Scottish secretary Jim Murphy sacked Stuart MacLennan, who was the PPC for Moray, after the Sun newspaper reported he had called Labour MP Diane Abbot a “f****** idiot” and Commons Speaker John Bercow a “t**”.
Party leaders did not escape either, with the Conservatives’ David Cameron labelled a “t***” and Liberal Democrat leader Nick Clegg called a “b******”.
Last night he apologised and said he had “let himself down” in a statement. Following sustained pressure from the Conservatives Labour eventually bowed to their demands.
“Stuart MacLennan has been sacked as Labour’s candidate for Moray for the totally unacceptable language which he has expressed online,” a Labour party spokesperson said.

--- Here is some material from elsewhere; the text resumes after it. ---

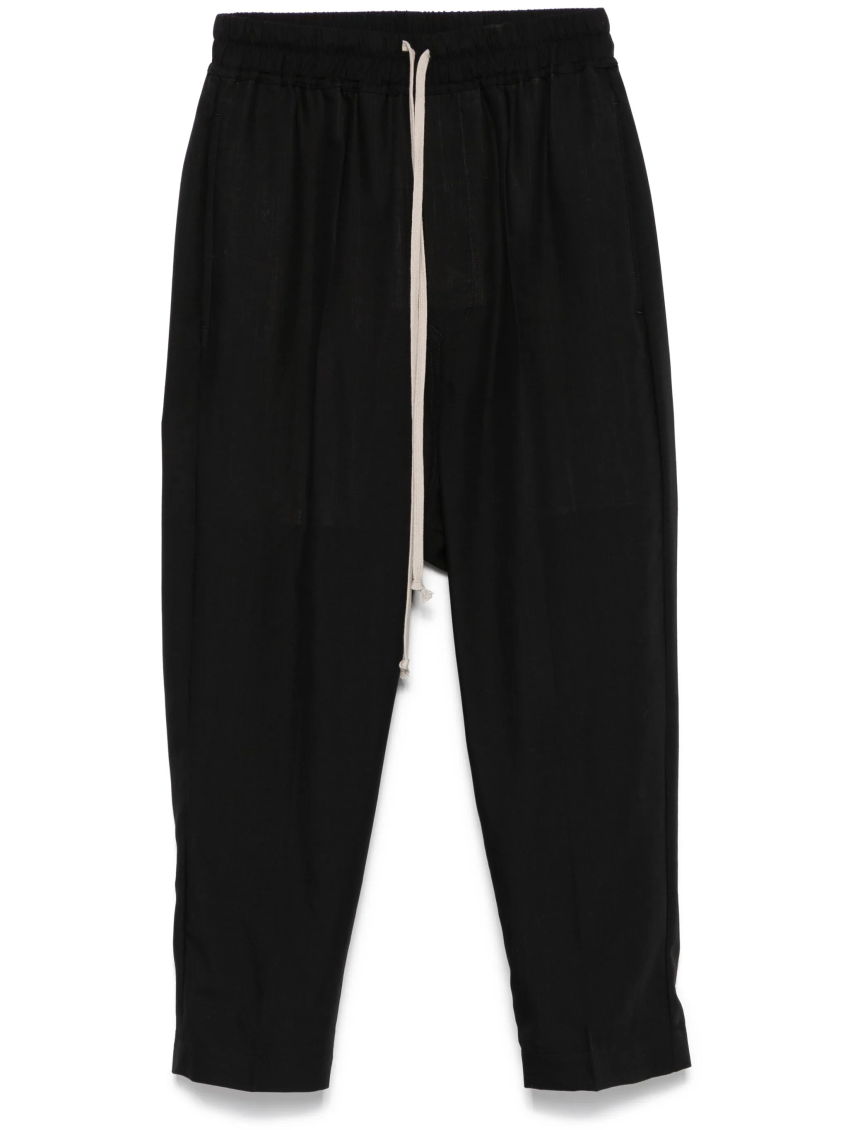 Rick Owens Women Drawstring Astaires Cropped Trousers In Black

“On reading the comments in full, the Scottish Labour party was outraged by their content and Scottish Labour’s general secretary took the decision to suspend his membership of the Labour party. Stuart MacLennan is no longer a Labour party candidate nor eligible to hold office as a Labour party representative.”
Scottish Conservative leader Annabel Goldie had said Mr MacLennan should stand down “if he has any shred of remorse or decency”.
She suggested Mr MacLennan’s case was not unusual.
“Labour have run a repugnant and desperate campaign so far, twisting the truth and using fears and smears to scare the most vulnerable people in our society,” she commented.
“This candidate’s behaviour is entirely consistent with this type of campaign.”
And shadow Cabinet member Sayeed Warsi went further. She said: “Stuart MacLennan’s comments are highly offensive, especially to ethnic minorities, elderly people and women.
“Yet Ed Balls, Andy Burnham, Ben Bradshaw and John Prescott, among other senior Labour figures, all followed his tweets without raising a note of protest.”
Mr MacLennan had been campaigning against the Scottish Nationalist party’s Westminster leader Angus Robertson, who took over 36% of the vote in 2005. Labour came third in the seat at the last election, with the Tories in second.